- _WORK REQUEST_
For the data below, restate word for word only the lines from the line containing "M-VAVE Rechargeable Bluetooth" through the line containing "Wooden Cross Necklace", both ends included.

- _EXERCISE INPUTS_
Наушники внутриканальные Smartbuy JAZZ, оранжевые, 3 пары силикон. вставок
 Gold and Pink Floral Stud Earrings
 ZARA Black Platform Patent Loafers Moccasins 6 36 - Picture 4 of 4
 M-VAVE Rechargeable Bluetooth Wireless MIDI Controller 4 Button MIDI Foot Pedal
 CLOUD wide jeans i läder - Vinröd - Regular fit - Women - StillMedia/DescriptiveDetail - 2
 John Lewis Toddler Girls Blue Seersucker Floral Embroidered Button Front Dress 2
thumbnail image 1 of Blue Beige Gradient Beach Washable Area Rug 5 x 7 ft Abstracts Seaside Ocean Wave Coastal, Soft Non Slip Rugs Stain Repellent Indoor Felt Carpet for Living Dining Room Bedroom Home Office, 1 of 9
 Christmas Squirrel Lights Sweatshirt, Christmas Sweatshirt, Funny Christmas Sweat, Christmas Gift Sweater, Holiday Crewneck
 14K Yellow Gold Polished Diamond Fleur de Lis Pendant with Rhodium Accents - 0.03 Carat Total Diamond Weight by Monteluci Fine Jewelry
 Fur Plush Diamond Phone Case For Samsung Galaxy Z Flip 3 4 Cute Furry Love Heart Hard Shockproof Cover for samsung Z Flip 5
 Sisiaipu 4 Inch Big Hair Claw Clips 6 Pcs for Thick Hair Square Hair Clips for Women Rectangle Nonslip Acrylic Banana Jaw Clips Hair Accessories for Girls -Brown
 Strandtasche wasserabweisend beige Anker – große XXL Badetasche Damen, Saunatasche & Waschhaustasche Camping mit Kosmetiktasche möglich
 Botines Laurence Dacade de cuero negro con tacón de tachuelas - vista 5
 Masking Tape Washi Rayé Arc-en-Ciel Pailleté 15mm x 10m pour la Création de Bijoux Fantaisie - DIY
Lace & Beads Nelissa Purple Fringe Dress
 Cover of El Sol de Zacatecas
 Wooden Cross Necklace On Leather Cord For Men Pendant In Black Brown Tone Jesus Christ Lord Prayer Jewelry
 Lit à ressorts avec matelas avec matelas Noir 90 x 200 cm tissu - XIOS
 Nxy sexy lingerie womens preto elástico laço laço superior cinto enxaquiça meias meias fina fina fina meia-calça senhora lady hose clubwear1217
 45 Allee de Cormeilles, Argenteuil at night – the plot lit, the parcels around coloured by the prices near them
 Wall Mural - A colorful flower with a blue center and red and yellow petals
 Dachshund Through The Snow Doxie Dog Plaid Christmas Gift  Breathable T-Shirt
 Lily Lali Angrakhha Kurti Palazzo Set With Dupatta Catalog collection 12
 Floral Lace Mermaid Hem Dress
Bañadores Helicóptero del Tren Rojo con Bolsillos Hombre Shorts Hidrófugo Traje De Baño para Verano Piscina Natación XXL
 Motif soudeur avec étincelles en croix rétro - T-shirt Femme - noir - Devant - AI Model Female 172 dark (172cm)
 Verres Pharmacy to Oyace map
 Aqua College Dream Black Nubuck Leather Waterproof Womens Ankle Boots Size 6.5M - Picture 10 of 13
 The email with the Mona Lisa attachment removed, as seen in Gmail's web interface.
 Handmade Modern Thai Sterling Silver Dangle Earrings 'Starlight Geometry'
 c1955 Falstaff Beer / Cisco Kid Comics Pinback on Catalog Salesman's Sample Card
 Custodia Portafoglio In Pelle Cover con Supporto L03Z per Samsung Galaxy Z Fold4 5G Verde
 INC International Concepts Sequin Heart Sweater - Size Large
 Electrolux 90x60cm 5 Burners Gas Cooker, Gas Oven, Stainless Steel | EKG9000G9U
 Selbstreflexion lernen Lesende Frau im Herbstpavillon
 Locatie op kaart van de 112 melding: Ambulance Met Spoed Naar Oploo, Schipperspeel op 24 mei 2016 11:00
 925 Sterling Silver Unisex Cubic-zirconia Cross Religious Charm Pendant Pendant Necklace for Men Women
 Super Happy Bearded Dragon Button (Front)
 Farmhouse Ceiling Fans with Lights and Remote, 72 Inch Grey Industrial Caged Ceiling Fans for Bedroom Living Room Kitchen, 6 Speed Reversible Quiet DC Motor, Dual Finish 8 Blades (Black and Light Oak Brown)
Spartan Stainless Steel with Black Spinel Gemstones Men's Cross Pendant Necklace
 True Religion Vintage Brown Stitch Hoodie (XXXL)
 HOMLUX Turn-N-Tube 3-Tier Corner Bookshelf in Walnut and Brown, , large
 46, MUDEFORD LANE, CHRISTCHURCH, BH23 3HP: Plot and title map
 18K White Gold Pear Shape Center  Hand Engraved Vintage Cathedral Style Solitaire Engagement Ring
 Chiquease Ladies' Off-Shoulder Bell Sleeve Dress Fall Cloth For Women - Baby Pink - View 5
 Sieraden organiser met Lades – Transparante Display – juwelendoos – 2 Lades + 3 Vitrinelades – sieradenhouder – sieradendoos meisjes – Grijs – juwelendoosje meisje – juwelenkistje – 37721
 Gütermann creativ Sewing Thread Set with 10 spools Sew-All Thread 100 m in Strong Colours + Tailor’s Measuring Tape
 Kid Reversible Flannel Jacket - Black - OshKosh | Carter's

- _REPLY_
 M-VAVE Rechargeable Bluetooth Wireless MIDI Controller 4 Button MIDI Foot Pedal
 CLOUD wide jeans i läder - Vinröd - Regular fit - Women - StillMedia/DescriptiveDetail - 2
 John Lewis Toddler Girls Blue Seersucker Floral Embroidered Button Front Dress 2
thumbnail image 1 of Blue Beige Gradient Beach Washable Area Rug 5 x 7 ft Abstracts Seaside Ocean Wave Coastal, Soft Non Slip Rugs Stain Repellent Indoor Felt Carpet for Living Dining Room Bedroom Home Office, 1 of 9
 Christmas Squirrel Lights Sweatshirt, Christmas Sweatshirt, Funny Christmas Sweat, Christmas Gift Sweater, Holiday Crewneck
 14K Yellow Gold Polished Diamond Fleur de Lis Pendant with Rhodium Accents - 0.03 Carat Total Diamond Weight by Monteluci Fine Jewelry
 Fur Plush Diamond Phone Case For Samsung Galaxy Z Flip 3 4 Cute Furry Love Heart Hard Shockproof Cover for samsung Z Flip 5
 Sisiaipu 4 Inch Big Hair Claw Clips 6 Pcs for Thick Hair Square Hair Clips for Women Rectangle Nonslip Acrylic Banana Jaw Clips Hair Accessories for Girls -Brown
 Strandtasche wasserabweisend beige Anker – große XXL Badetasche Damen, Saunatasche & Waschhaustasche Camping mit Kosmetiktasche möglich
 Botines Laurence Dacade de cuero negro con tacón de tachuelas - vista 5
 Masking Tape Washi Rayé Arc-en-Ciel Pailleté 15mm x 10m pour la Création de Bijoux Fantaisie - DIY
Lace & Beads Nelissa Purple Fringe Dress
 Cover of El Sol de Zacatecas
 Wooden Cross Necklace On Leather Cord For Men Pendant In Black Brown Tone Jesus Christ Lord Prayer Jewelry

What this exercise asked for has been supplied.